While the American Academy of Pediatrics recommends no screen time for children younger than two, and no more than two hours per day for children older than two, some parents, like me, enjoy using the age-appropriate apps and educational games with their kids from time to time.
To help you be mindful of your child's screen time, Briggs, who is a child psychologist specializing in early development, shares some tablet tips for parents:
* Strike a balance. Parents should encourage kids to switch between screen time and traditional activities such as puzzles and coloring books, which help to develop fine motor and problem solving skills, said Briggs.
* Get involved.
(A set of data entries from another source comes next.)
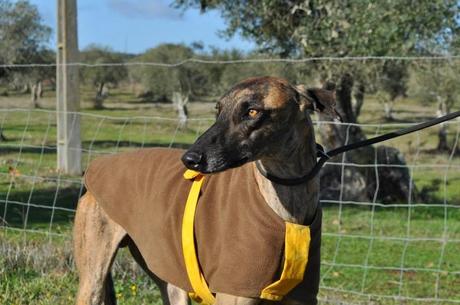 Galgos, del sacrificio a un mundo mejor.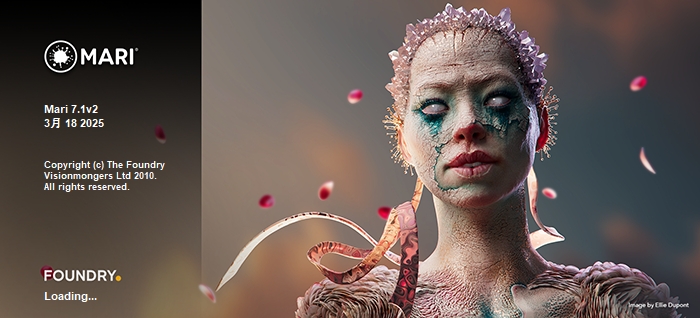 Mari安装教程步骤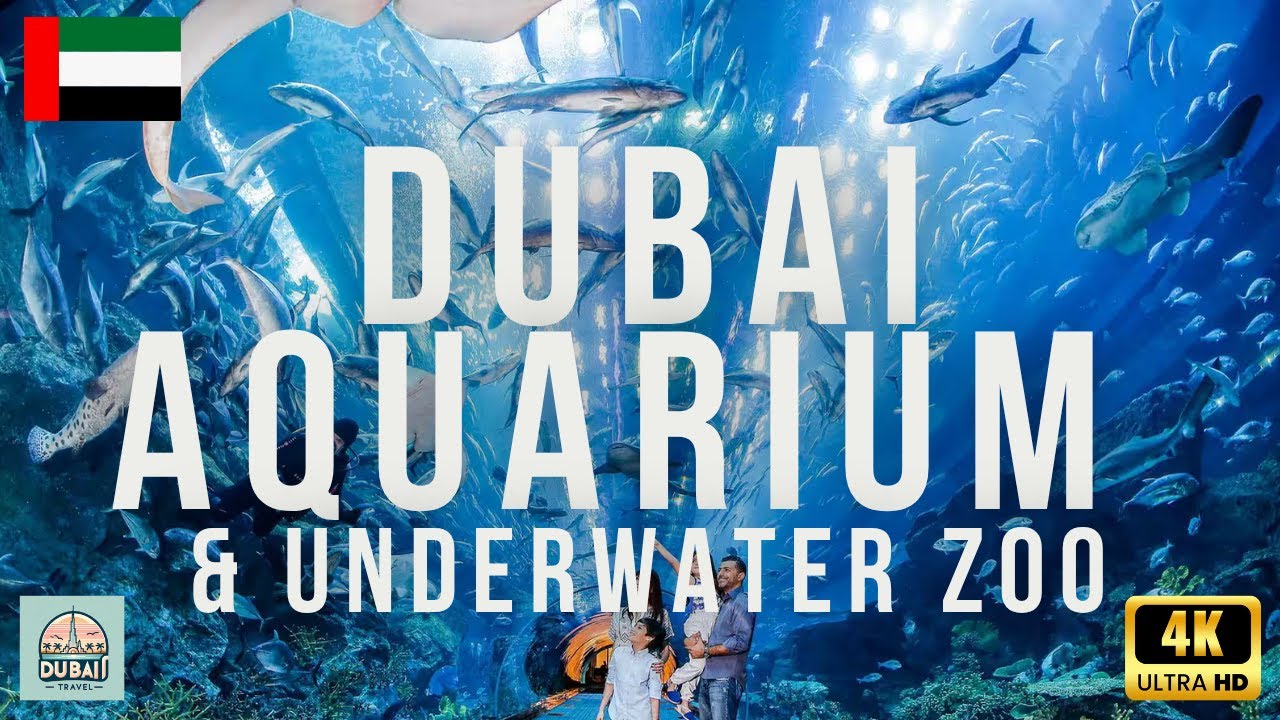 Dubai Aquarium & Underwater Zoo Dubai 🇦🇪 4K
Parental interaction is key, said Briggs. "Kids who spend more time watching television or playing with a tablet device tend to receive less attention from their parents, and as a result, the child's language development is negatively impacted -- they learn fewer words by certain milestones," she said. Aim to make time each day to talk, read and play with your child.
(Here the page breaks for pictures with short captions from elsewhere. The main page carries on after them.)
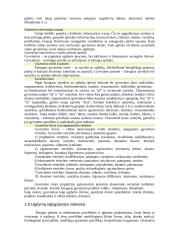 Ugdymo samprata ir mokslas 8 puslapis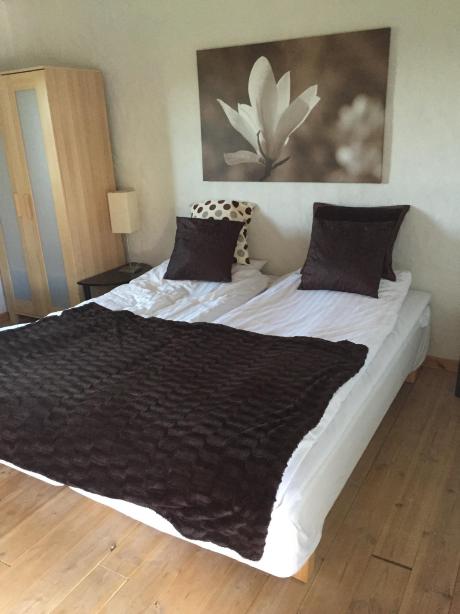 艾里斯托尔普酒店-客卧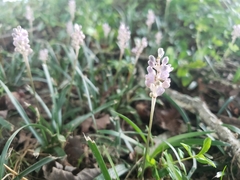 Liriope muscari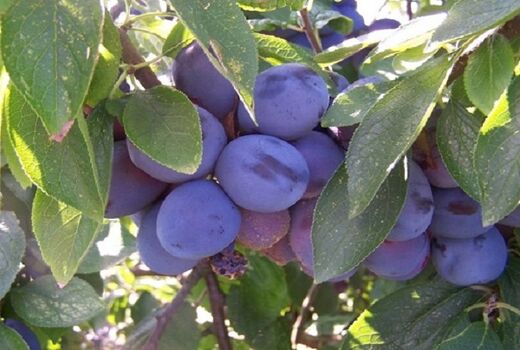درآمد 55 میلیارد ریالی باغداران بیضایی از فروش آلو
* Encourage group play. Children should be encouraged to interact with peers rather than spend the majority of time engrossed in a solo activity, according to Briggs.
* Plan a mix of activities. "Overstimulation from TV, iPads and computer games can lead to the brain becoming accustomed to a high level of stimulus, making traditional activities, like book reading, boring," said Briggs. "Parents should encourage kids to spend time doing other activities as well. Consider having a trade-off: 30-minutes of TV for 30 minutes of outdoor play, or some such."